> _Data extract_
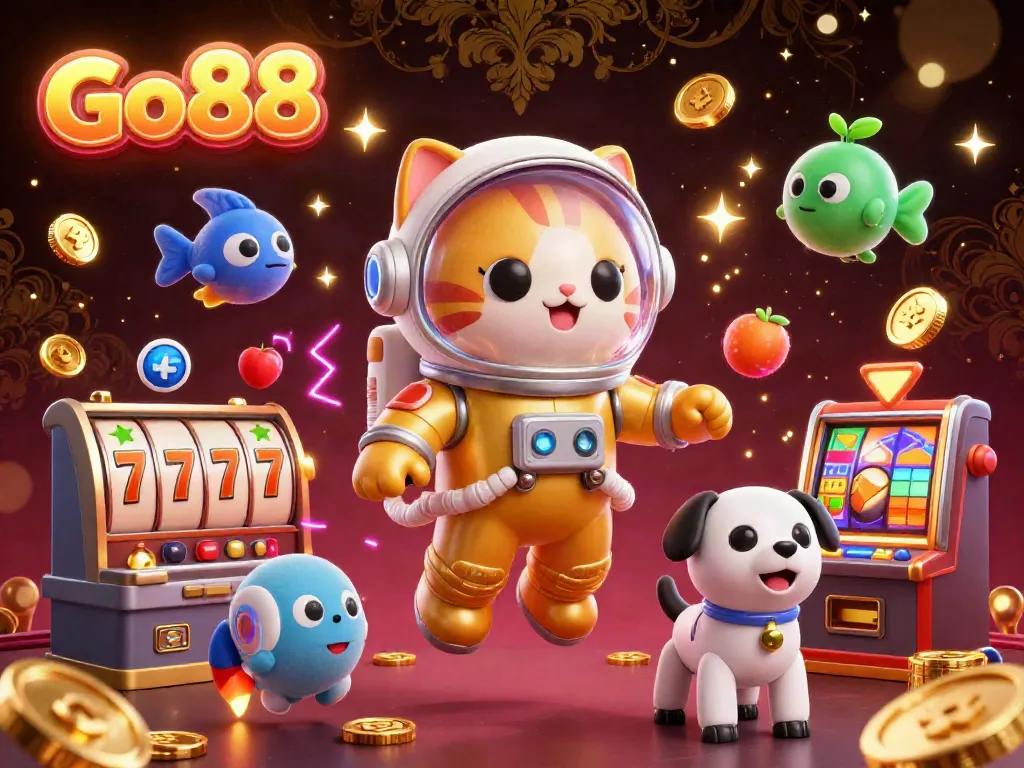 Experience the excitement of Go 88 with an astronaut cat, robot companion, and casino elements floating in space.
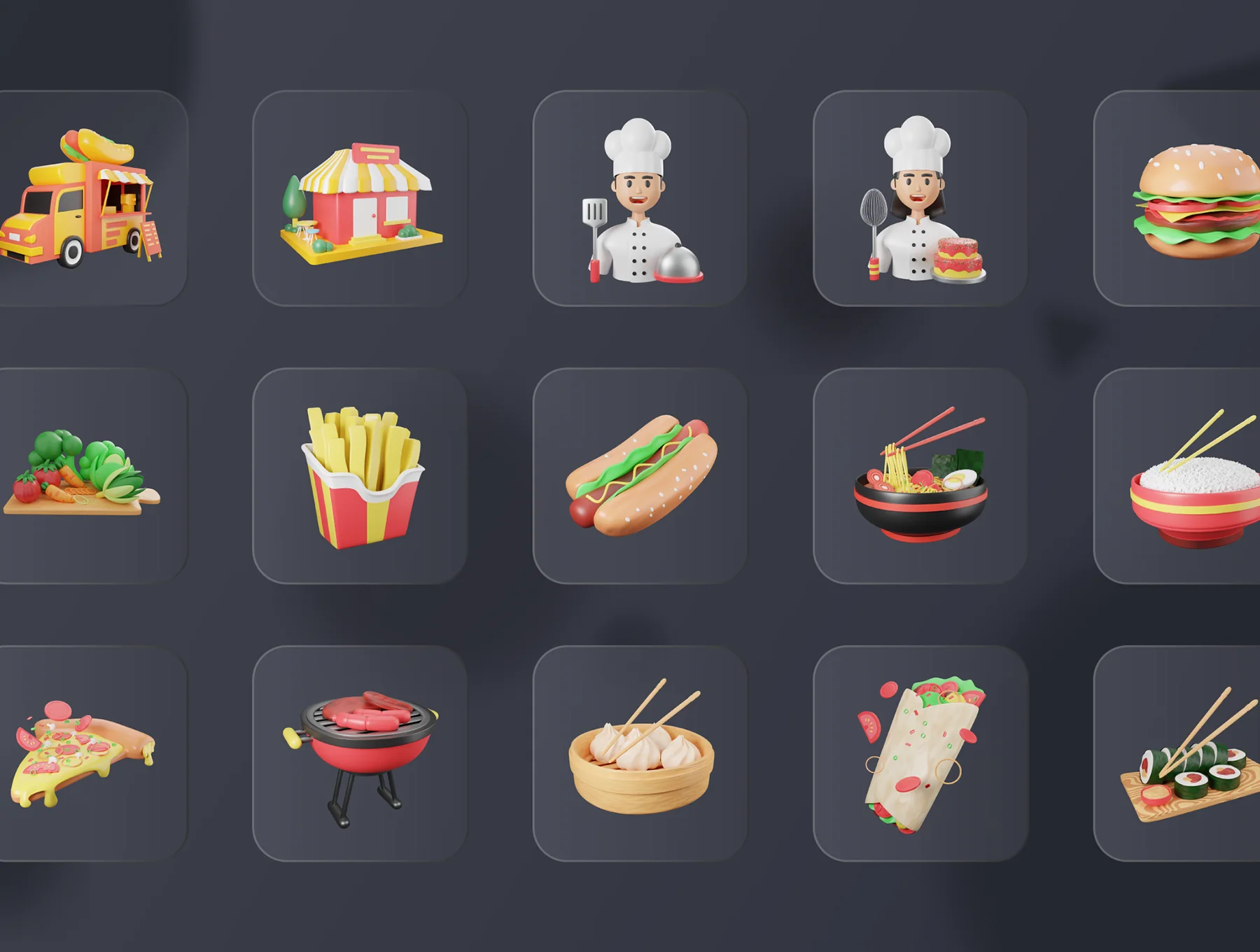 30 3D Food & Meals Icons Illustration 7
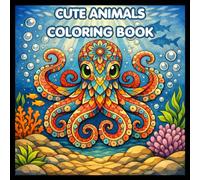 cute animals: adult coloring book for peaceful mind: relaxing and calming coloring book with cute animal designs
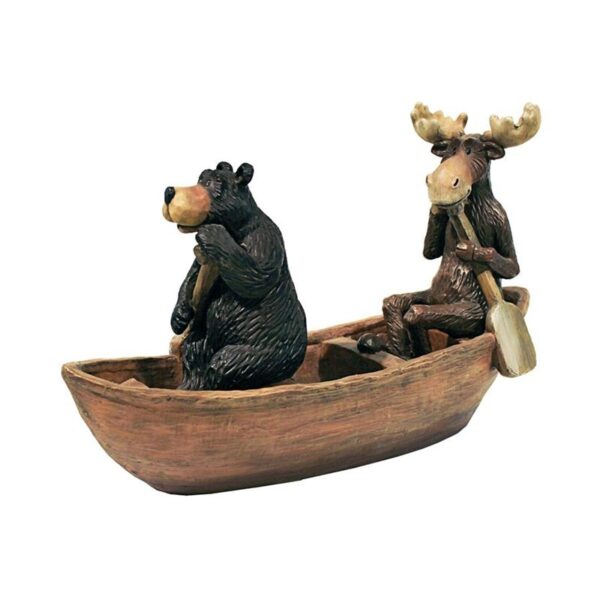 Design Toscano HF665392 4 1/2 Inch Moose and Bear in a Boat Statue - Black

> _Problem statement_
A faithful copy of the data is required: each word kept, each picture omitted.

> _Written response_
 Experience the excitement of Go 88 with an astronaut cat, robot companion, and casino elements floating in space.
 30 3D Food & Meals Icons Illustration 7
 cute animals: adult coloring book for peaceful mind: relaxing and calming coloring book with cute animal designs
 Design Toscano HF665392 4 1/2 Inch Moose and Bear in a Boat Statue - Black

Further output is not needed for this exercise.